In the listing below, a line holding "Dan & Rob Tree Specialists — Customer photo" and a line holding "Pyrus communis'Beech Hill'" mark the range. Retype both exactly, with all lines between them.

> [DATA TO USE]:
┌──

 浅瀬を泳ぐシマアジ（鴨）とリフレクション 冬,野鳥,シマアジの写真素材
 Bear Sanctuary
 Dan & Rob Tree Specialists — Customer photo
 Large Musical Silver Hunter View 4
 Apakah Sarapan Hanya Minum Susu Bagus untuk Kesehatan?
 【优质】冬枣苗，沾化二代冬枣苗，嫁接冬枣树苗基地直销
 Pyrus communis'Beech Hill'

└──
┌──

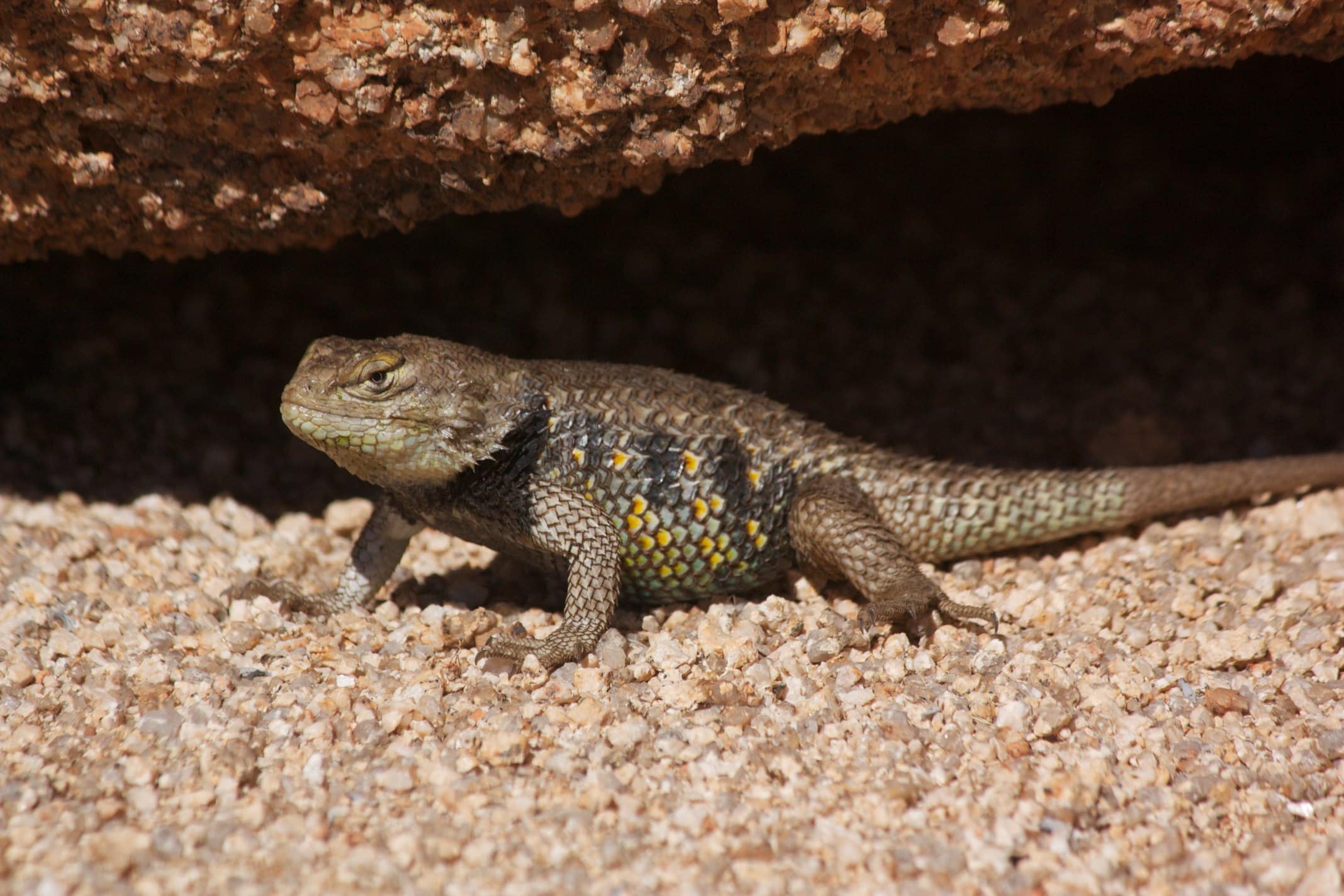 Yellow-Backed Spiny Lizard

└──

> [FINAL ANSWER]:
 Dan & Rob Tree Specialists — Customer photo
 Large Musical Silver Hunter View 4
 Apakah Sarapan Hanya Minum Susu Bagus untuk Kesehatan?
 【优质】冬枣苗，沾化二代冬枣苗，嫁接冬枣树苗基地直销
 Pyrus communis'Beech Hill'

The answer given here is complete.